Da acção estratégica à razão tolerante: elementos para uma epistemologia do olhar

próximo

A segunda metade da década de 80 e, de uma forma mais vincada, toda a década de

90, ficaram marcadas por uma revolução semântica no campo educativo resultante da

emergência de novas representações da educação, de novas formas de a justificar como bem

comum e, por isso mesmo, de novas modalidades de se definir os êxitos e os fracassos da

escolarização. Em trabalho anterior (Correia, 1999) procurámos caracterizar esta revolução

semântica, referenciando-a à emergência de uma ideologia da modernização que enfatiza,

sobretudo, a flexibilização externa do campo escolar. Mais tarde, esta ideologia veio a ser

matizada pelo desenvolvimento de uma ideologia da inclusão, onde, como então salientámos,

se assiste ao reforço de uma descrição organizacional da escolarização, legitimadora dos

apelos à sua flexibilização interna. Não sendo nossa intenção retomar agora a descrição

detalhada desta redefinição política da educação, não deixaremos, no entanto, de realçar

algumas das suas principais mais características.

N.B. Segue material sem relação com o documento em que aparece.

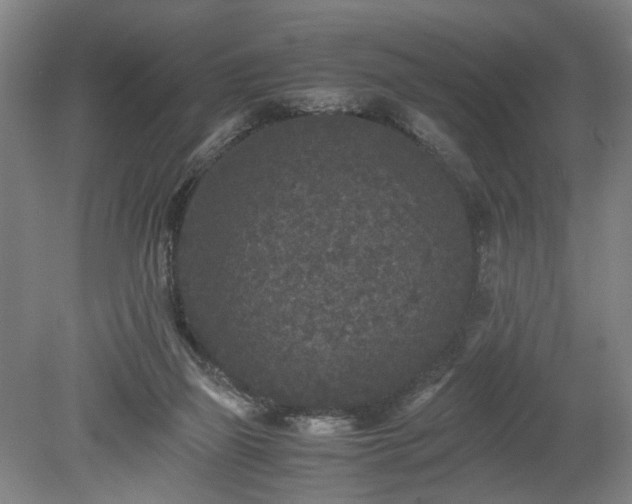 X0000078860165200611201322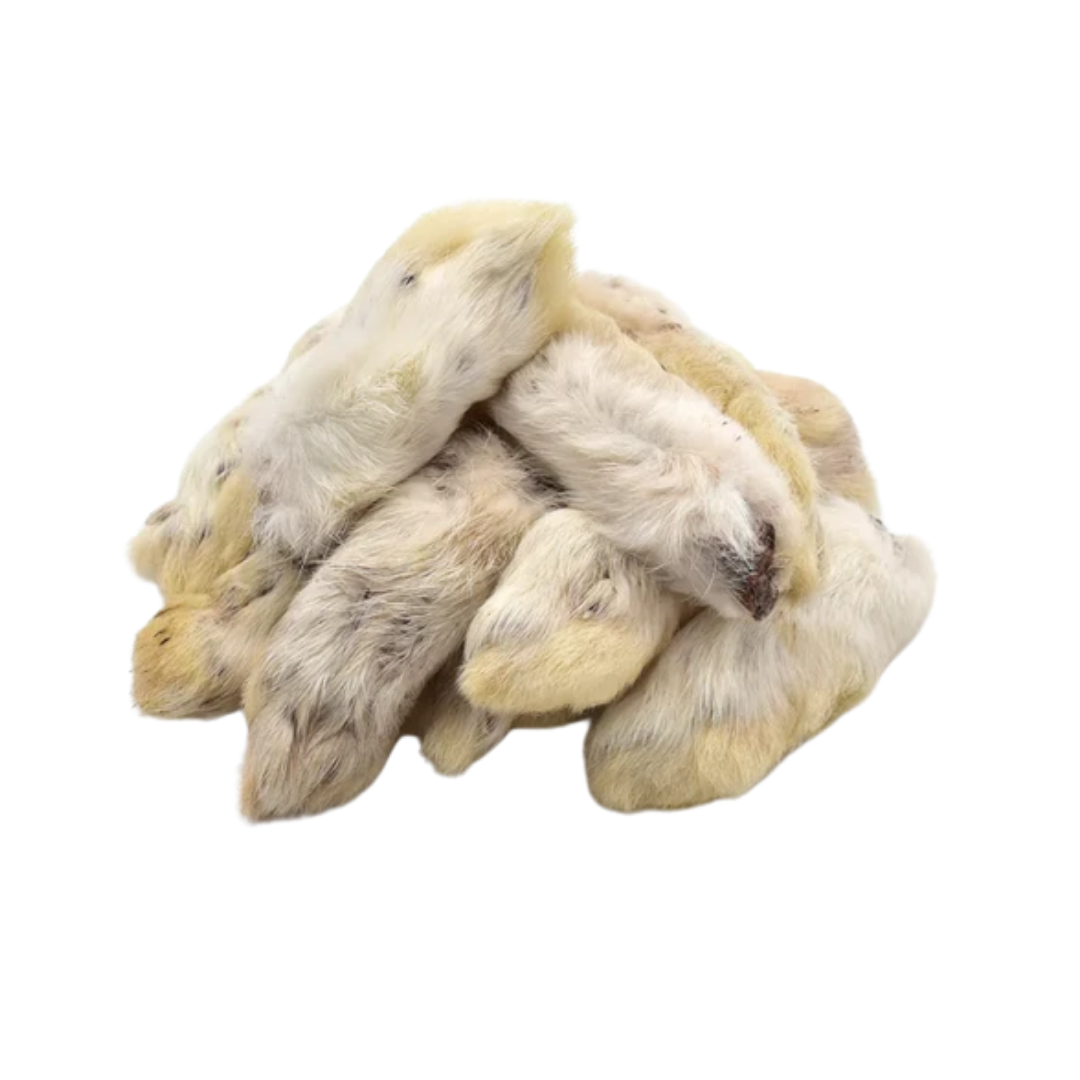 Patte de Lapin Poilue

Se, como realçámos, o primeiro momento da consolidação da escolarização do

educativo se construiu através do estabilização de um compromisso entre uma definição

jurídica e categorial da educação com modalidades de a definir que são oriundas do mundo

industrial, o segundo momento é um momento de hiperescolarização em que se assiste a uma

intensa pedagogização do social, acompanhada por uma hipostasia da forma escolar que a

envolve numa lógica onde o agravamento da crise da escolarização é sempre interpretada

como o resultado dos défices de escolarização dos indivíduos e nunca como défices do

próprio processo de escolarização2.

2 A pedagogia adquire, neste contexto, uma grande importância na construção política da educação mas, simultaneamente, ela é depurada das suas potencialidades críticas para legitimar tanto a despolitização do político na educação, como a sua redução a uma entidade organizacional.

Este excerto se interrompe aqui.